» What the exercise asks: Your answer should be an exact copy of the lines from the one holding "8sanlione Car Rearview" to the end of the material below, pictures left out.

» Recorded data:

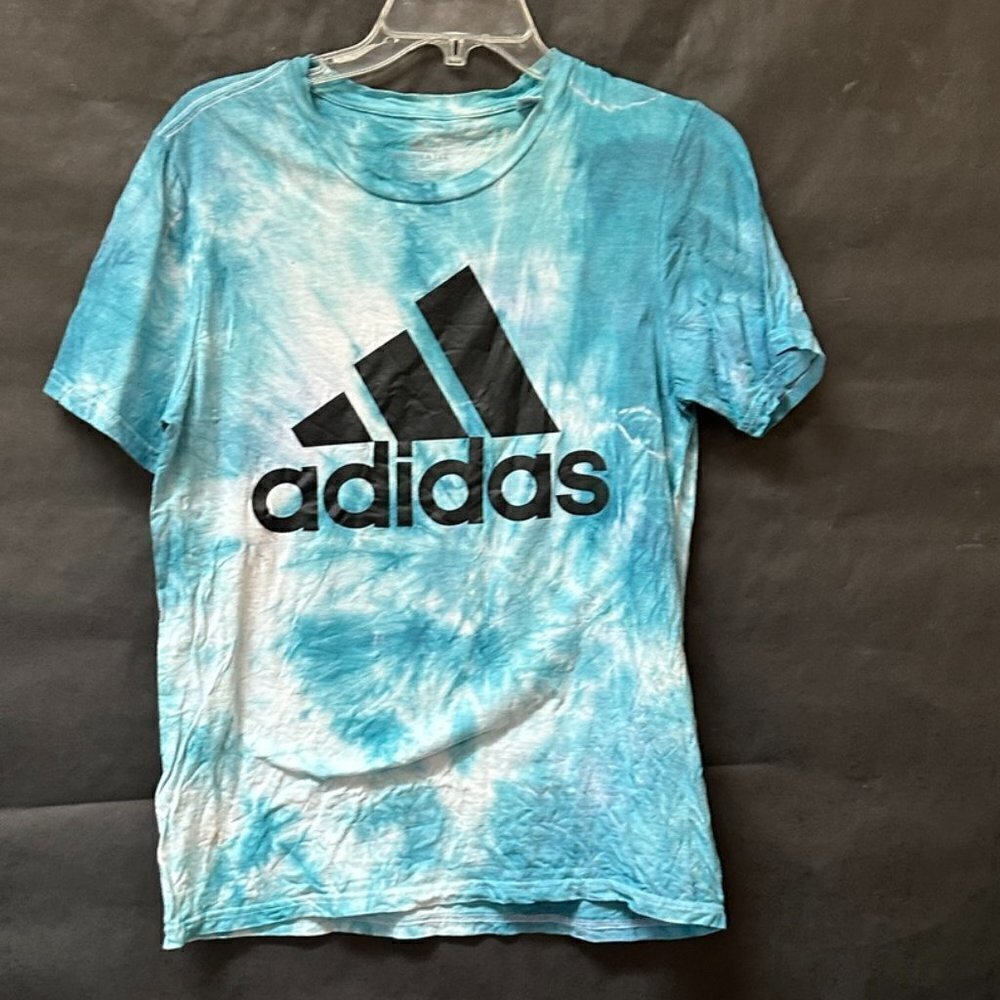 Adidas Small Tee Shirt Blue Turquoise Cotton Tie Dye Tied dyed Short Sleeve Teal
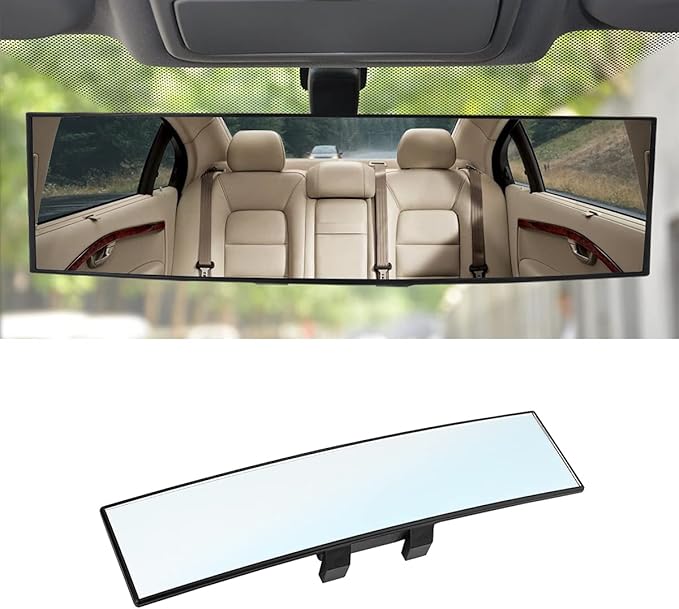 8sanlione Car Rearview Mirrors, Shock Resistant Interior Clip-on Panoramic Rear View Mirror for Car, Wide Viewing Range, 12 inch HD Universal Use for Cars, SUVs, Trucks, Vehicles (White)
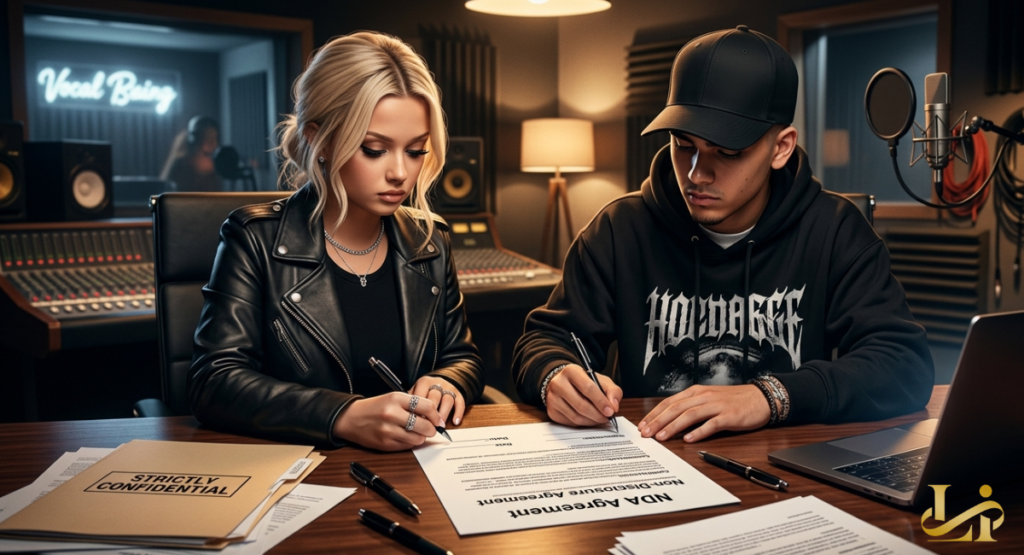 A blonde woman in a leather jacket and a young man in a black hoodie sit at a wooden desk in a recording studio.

» Task output:
 8sanlione Car Rearview Mirrors, Shock Resistant Interior Clip-on Panoramic Rear View Mirror for Car, Wide Viewing Range, 12 inch HD Universal Use for Cars, SUVs, Trucks, Vehicles (White)
 A blonde woman in a leather jacket and a young man in a black hoodie sit at a wooden desk in a recording studio.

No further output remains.